New Method Wellness, Inc. v. City of Dana Point (Aug. 23, 2019, No. G056741) __ Cal.App.5th __ [2019 WL 3980797], certified for publication Sept. 13, 2019

New Method Wellness, Inc., operates a substance abuse treatment center headquartered in San Juan Capistrano, where it is licensed to offer mental health and substance abuse services. An affiliated company, NMW Beds, owns three properties in residential zones in the City of Dana Point, where New Method houses some of its patients. Dana Point filed a nuisance action, seeking an injunction barring New Method and NMW Beds from using the residences to house patients in violation of zoning ordinances.  The trial court granted injunctive relief, ruling that the unlicensed residences were nuisances per se because they violated zoning ordinances in operating as drug treatment centers.  Defendants appealed.

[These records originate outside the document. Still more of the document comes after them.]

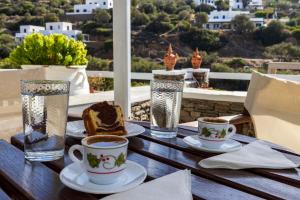 Μπαλκόνι ή βεράντα στο Rita Rooms Sifnos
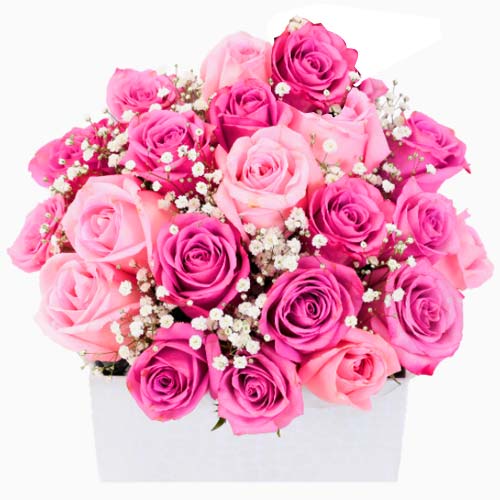 Be happy by sending this Dreamy Floral Basket of C......  to Monterrey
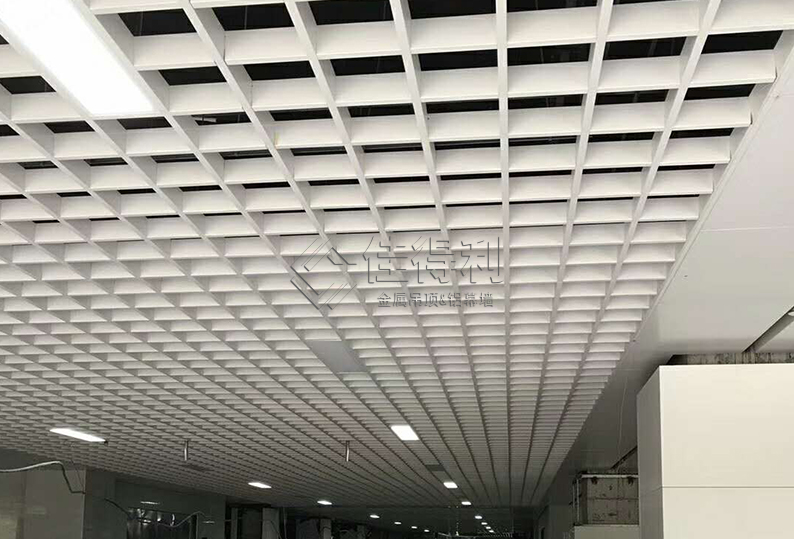 鋁格柵吊頂 (20)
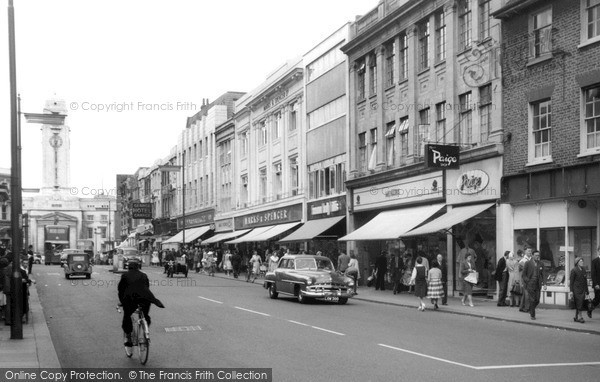 Photo of Luton, George Street c.1960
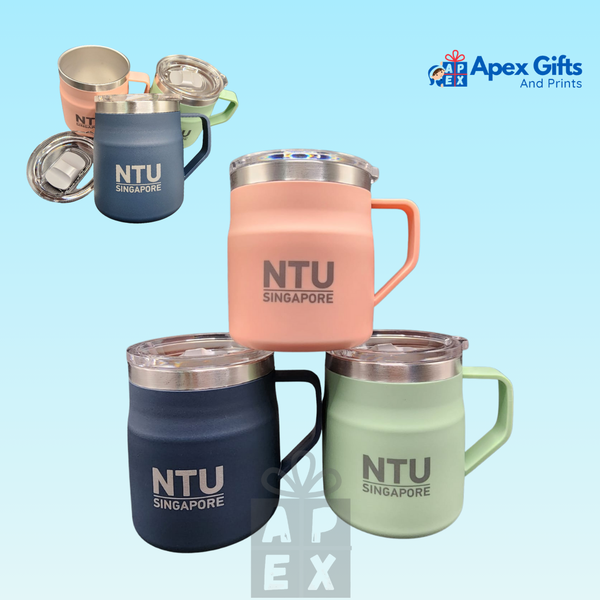Japanese-style simple Office thermos cup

The Court of Appeal affirmed.  First, the court explained that ownership of the property is irrelevant to the nuisance action; instead, how the property is being used is probative. Here, substantial evidence supported the trial court’s finding that defendants’ property was being used for drug rehabilitation and therefore had to be licensed by Dana Point for that use. Because the residences were unlicensed, they were nuisances per se that could be enjoined without proof of irreparable injury. Second, the court rejected defendants’ argument that Dana Point’s zoning ordinance was preempted by Health and Safety Code section 11834.23, holding that unlicensed facilities may not invoke that statute.  The court also rejected defendants’ contention that the residences did not need to be licensed under Health and Safety Code section 1505, subdivision (i), because that statutes applies only “where the facilities provides no care or supervision.